Whither EU and UK Social Policy Post-Brexit?
In an article initially drafted a year ago and now published in a themed section of Social Policy and Society, we attempt to assess the past and future development of EU and UK social policy in the context of Brexit. In concluding the article, we argue that it is difficult to predict to what extent social legislation implemented since the UK joined the EEC in 1973, and became party to the Commission’s work and to decisions taken by the European Council, would be repealed or amended following Brexit. Nor was it possible when Article 50 was triggered to anticipate whether the remaining EU27 member states would seek to develop further binding social legislation in the knowledge that it could not be blocked by the UK.
Understandably, the contributors to the Brexit special issue of the Journal of Social Policy and to the SP&S themed section focus on the potential risks and challenges facing UK social policy if the UK is no longer governed by EU law and the rulings of the Court of Justice of the European Union (CJEU). Indeed, many commentators fear the loss of hard-earned social advances particularly in the area of gender and employment rights. Less attention is paid in these publications to the chances of Brexit resulting in a fairer and more just social policy for UK citizens once its sovereignty is restored and benefit tourism is removed, as claimed during the referendum campaign by the leave camp.
In the 1957 Treaty establishing the European Economic Community (EEC), social policy had a limited, albeit specific remit. Article 118 encouraged the then six member states to cooperate closely in the social field with a view to preventing distortion of the rules of competition and avoiding obstacles to the free movement of labour. From the outset, the social dimension was subordinated to economic policy. Over the years, despite their internal divisions, governments of right and left across the EU have not, however, been prepared to relinquish sovereignty over their national social protection system.

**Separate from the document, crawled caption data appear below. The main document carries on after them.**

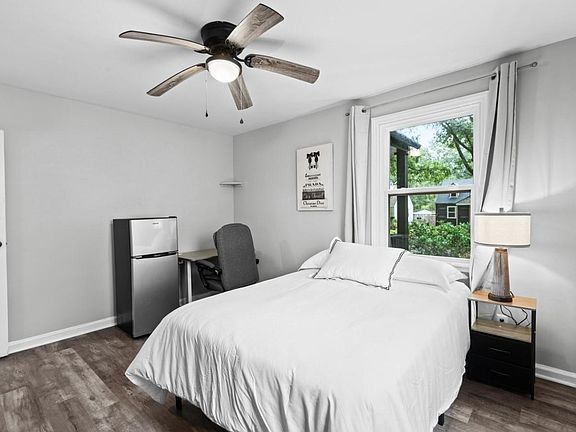 12" pillowtop mattress, blackout curtains, lighted ceiling fan, full body mirror, veri-adjustable desk and massage chair.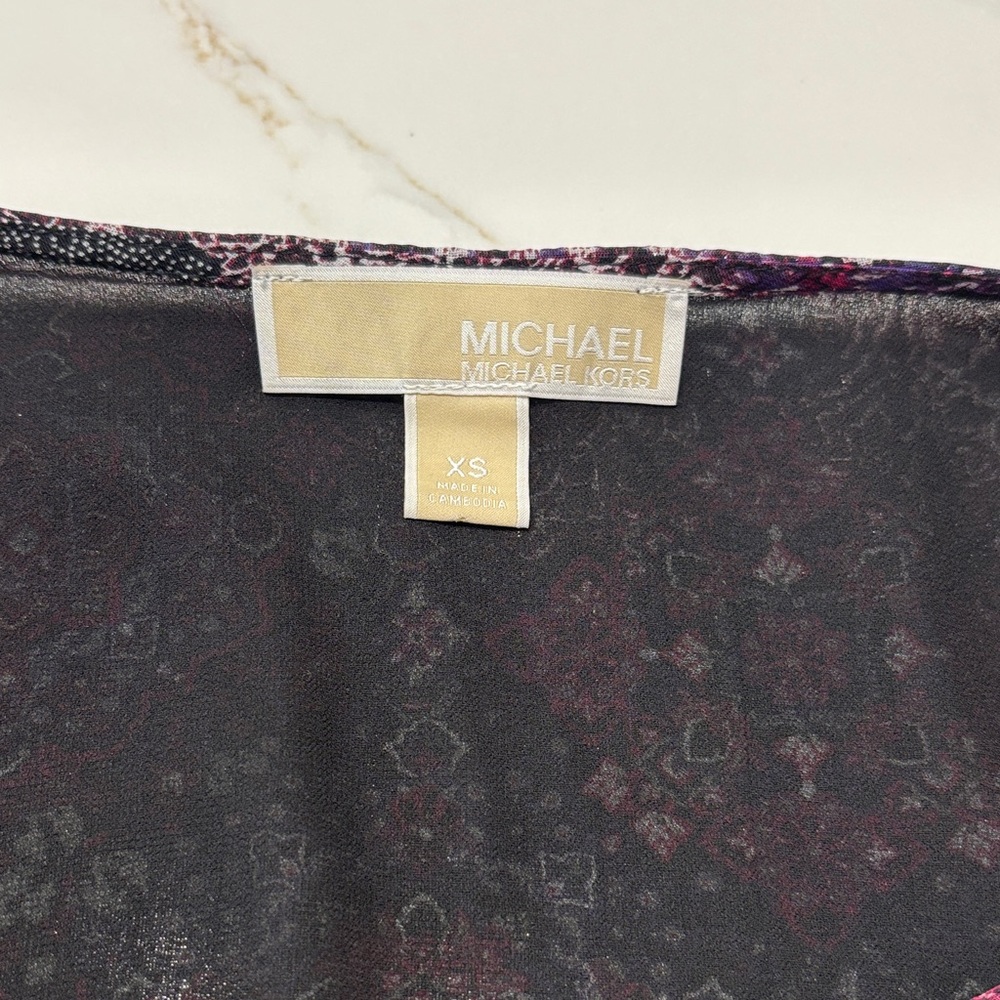 MICHAEL Michael Kors patchwork Georgette smock-waist Floral Long Sleeve Dress - Picture 8 of 14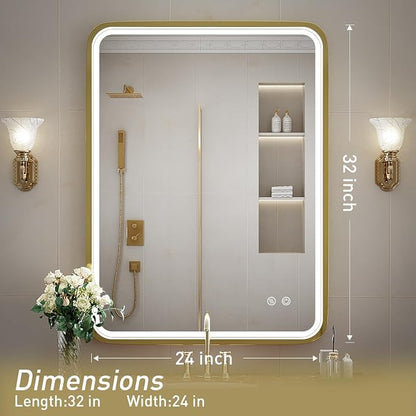 LED Bathroom Mirror with Light,Gold Frame,24x32 Inch | ETL Listed,Anti-Fog,3000K/4500K/6000K Dimmable,Horizontal & Vertical,Wall Mounted,Memory Function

As an EU member state and an active participant in EU institutions, the UK played an influential role in shaping EU social policy. Its presence at the negotiating table did not, however, prevent the progressive implementation of a significant body of primary and secondary legislation coordinating the social security rights of mobile workers, a development facilitated by the case law built up by the Court of Justice of the European Union (CJEU), and tracked by the FreSsco Network.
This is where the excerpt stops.